In this paper, the seed curve extension (SCE) method is introduced to construct the freeform surface directly in an off-axis freeform reflective image system. Before, the SCE method was only used in designing freeform surface in non-imaging optics such as LED illumination systems [24]. By the SCE method we can obtain all sample points on the unknown freeform surface. Then the continuity and smoothness of the unknown freeform surface is evaluated by calculating the angle between the normal vectors at the two adjacent points. The simulated annealing algorithm [25, 26] is employed to fit the sample points to an extended polynomial, which can be input into an optical software.

In order to verify the method, we constructed a freeform surface directly which is used as a primary mirror in an initial layout of an off-axis two-mirror system. In the initial layout, the secondary mirror is a planar mirror. The field of view and working F-number of the system is 2°and 4.68, respectively. The initial layout with a so designed freeform surface and a planar mirror was turned out have a good imaging quality, which can be used as a good starting point for subsequent optimization. Based on the initial layout, a further optimization is performed in Zemax. The results show that the performance of the system is diffraction-limited.
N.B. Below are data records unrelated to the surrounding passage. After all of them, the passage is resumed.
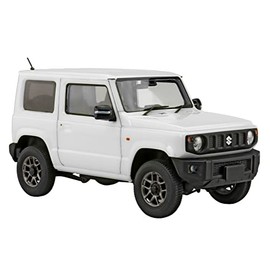 1/24 Car NEXT Series No.18 Suzuki Jimny JB64 (XC/Pure White) Plastic Model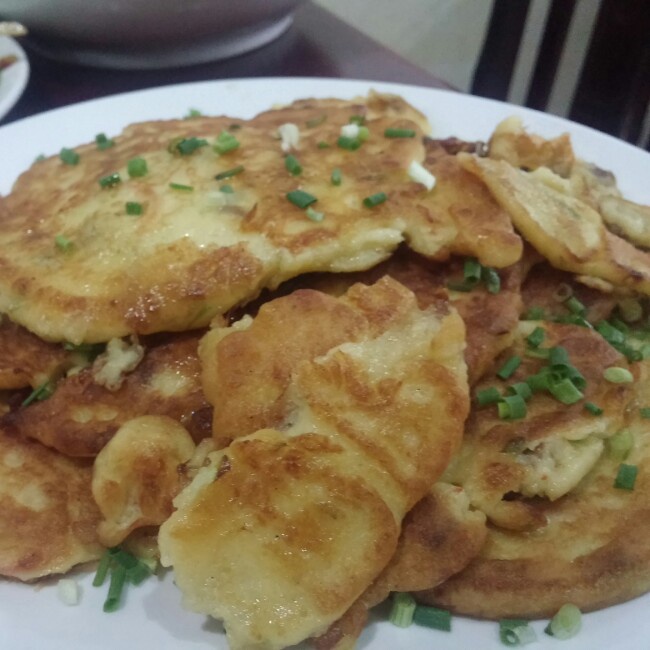 土豆鸡蛋饼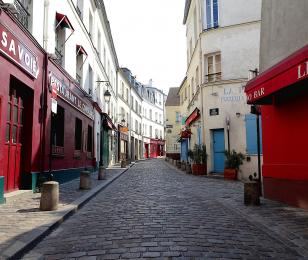 Rue déserte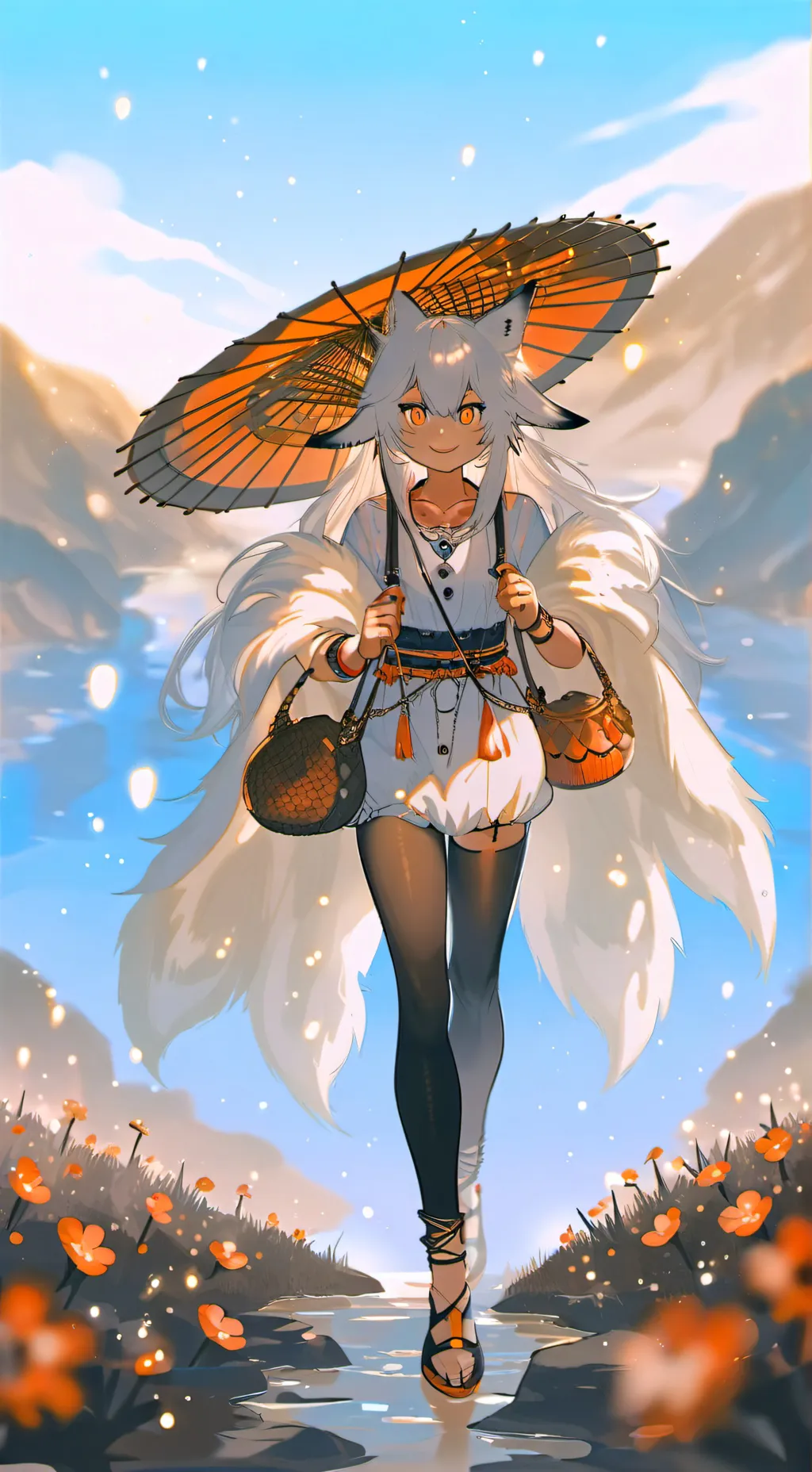 ai character: tumi background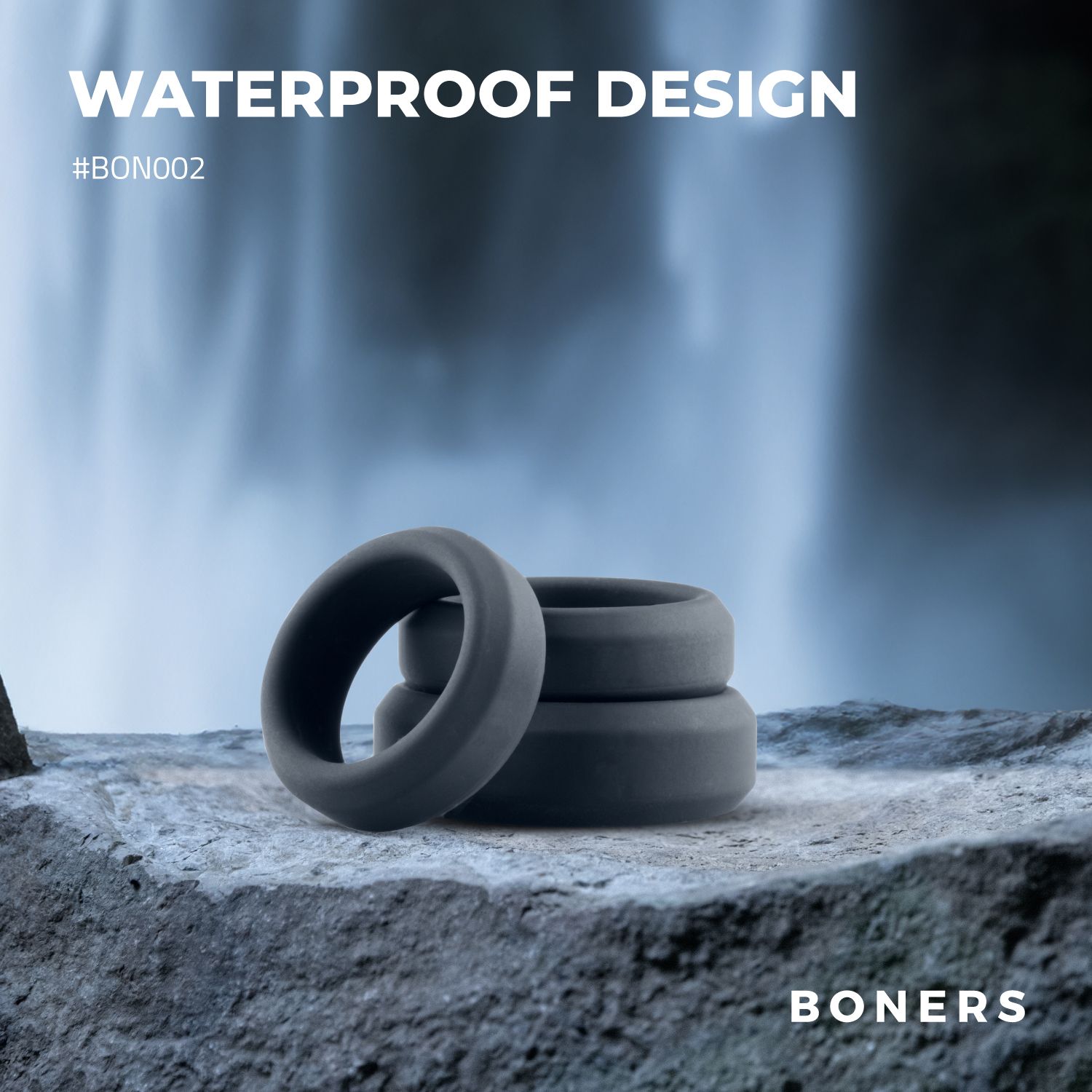 Boners Cockring Set 3-delig - 4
The method proposed in this paper has several improvements as follows: all sample points on unknown freeform surface can be calculated directly without iteration or feedback. Hence the speed of calculating the sample points is very fast. Also, it doesn’t need to worry about the stability of the calculation process. Further, the method has no limitation in the number of the freeform surfaces or axial symmetry of the systems.

Methods

In the following, the method for constructing a freeform surface directly is proposed. The method mainly comprises four steps: (I) Set the initial and constraint condition. (II) Calculate the sample data points on the unknown freeform surface. (III) Evaluate the continuity and smoothness of the freeform surface. (IV) Fit the sample data points to an extended polynomial by simulated annealing algorithm.

  1. (I.)

    Set the initial and constraint condition.
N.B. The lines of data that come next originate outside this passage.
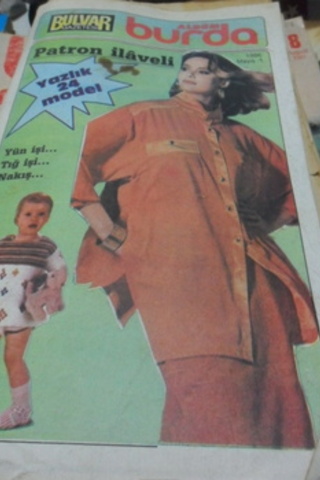 Albüm Burda 1986 / 1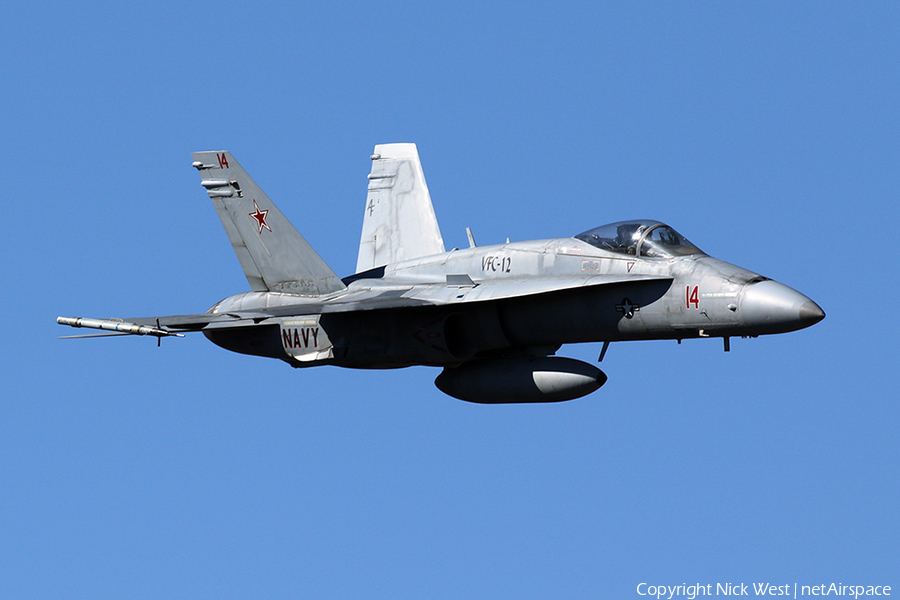United States Navy McDonnell Douglas F/A-18A+ Hornet (163149) | Photo 303457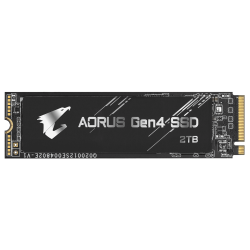 Solid State Drive (SSD) Gigabyte AORUS, 2TB, NVMe, PCIe Gen4 SSD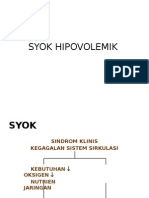 Syok Hipovolemik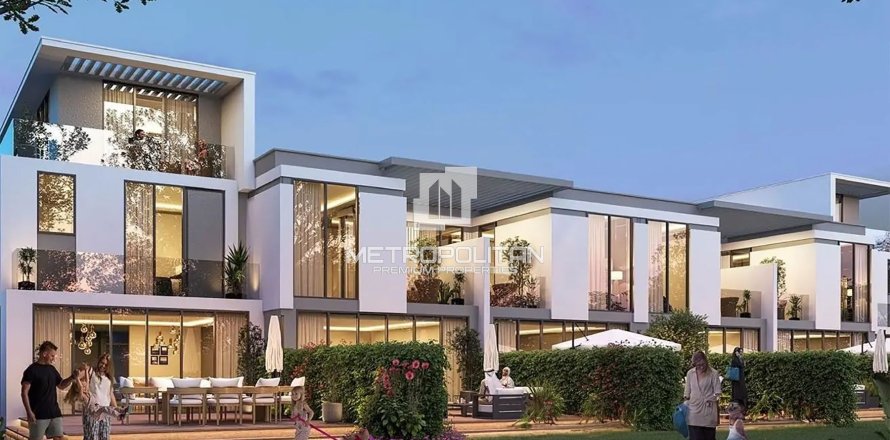 Maison de ville à Dubai, 4 chambres, 205 m², № 73674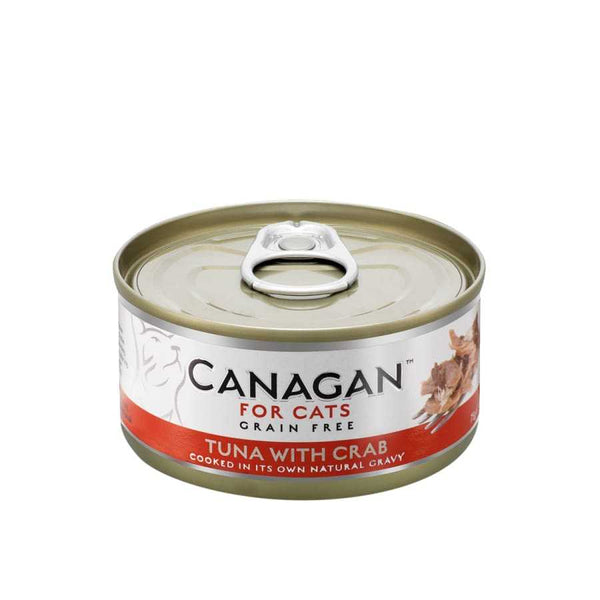 Canagan Tuna with Crab Cat Wet Food Can 75g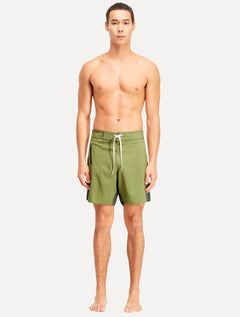 Short Osklen Masculino Surf Pacific Verde Oliva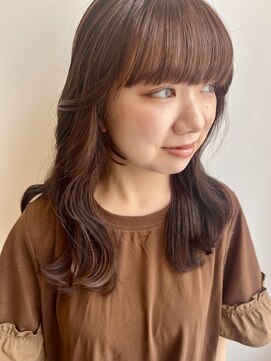 ベルフェミンキルン(Belle femin kilun) チョコレートブラウン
To illustrate the method of constructing freeform surface, a single freeform reflective surface is analyzed, as shown in Fig. 1. All the sample rays emitted from the starting surface. The beam is made up of M × M sample rays, whose aperture is square as shown in Fig. 1.

Fig. 1
figure1

The sample rays are reflected from a single freeform surface and converge to the ideal image point

The space between the adjacent sample rays is equal. The starting point of the ray rij is point Sij(Xij, Yij, Zij) on the starting surface, whose coordinate is known as one of initial conditions. Also, the image point E(x, y, z) is fixed initially. The sample rays are reflected off a single freeform surface to the ideal image point. The point Pij(xij, yij, zij) is the intersection of the sample ray rij and the unknown surface. The rays rij and \( {r}_{ij}^{\prime } \) are called as the incident ray and the emergent ray, respectively.

  1. (II.)

    Calculate the sample points on the unknown freeform surface.
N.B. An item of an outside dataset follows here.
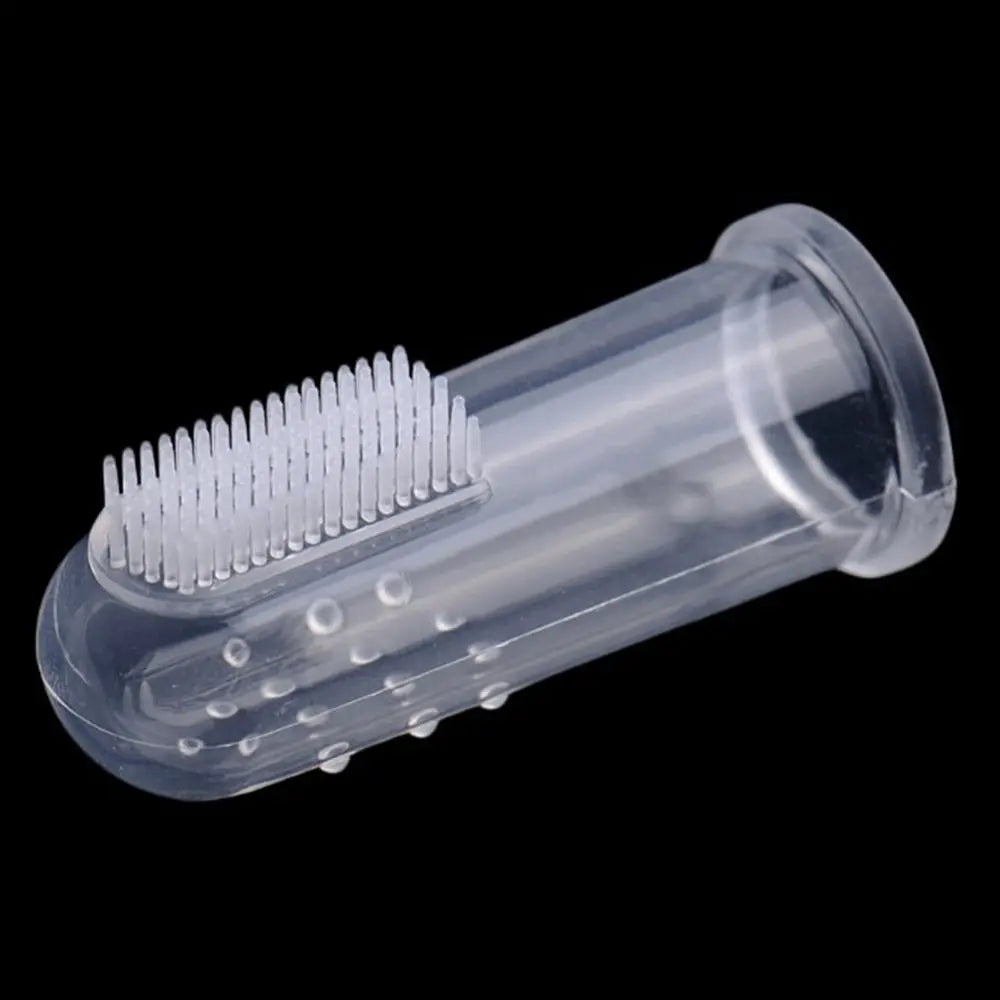 pet toothbrush Soft Finger Toothbrush for Pets WLP Company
We will elaborate the process to determine the unknown freeform surface, which comprises four steps:

  1. 1)

    Select a point P11(x11, y11, z11) along the direction of propagation for the first sample ray r11 as the first point on the freeform surface, as shown in Fig. 2(a). The first sample ray is reflected toward the ideal image point E(x, y, z). Thus, the first emergent and incident ray vectors are

Fig. 2
figure2

Calculate the sample points on the freeform surface (a) set the first point (b) Calculate the sample points on the seed curve (c) the sample points on the curve adjacent to seed curve(d) Calculate all the sample points on the freeform surface

$$ {\displaystyle \begin{array}{l}{\mathbf{Out}}_{11}=\frac{\left({x}^{\prime }-{x}_{11}\right)\mathbf{i}+\left({y}^{\prime }-{y}_{11}\right)\mathbf{j}+\left({z}^{\prime }-{z}_{11}\right)\mathbf{k}}{\sqrt{{\left({x}^{\prime }-{x}_{11}\right)}^2+{\left({y}^{\prime }-{y}_{11}\right)}^2+{\left({z}^{\prime }-{z}_{11}\right)}^2}}\\ {}{\mathbf{In}}_{11}=\frac{\left({x}_{11}-{X}_{11}\right)\mathbf{i}+\left({y}_{11}-{Y}_{11}\right)\mathbf{j}+\left({z}_{11}-{Z}_{11}\right)\mathbf{k}}{\sqrt{{\left({x}_{11}-{X}_{11}\right)}^2+{\left({y}_{11}-{Y}_{11}\right)}^2+{\left({z}_{11}-{Z}_{11}\right)}^2}}\end{array}} $$
(1)

According to Eq. (2), the normal vector N11 of the tangent plane at the point P11 can be obtained.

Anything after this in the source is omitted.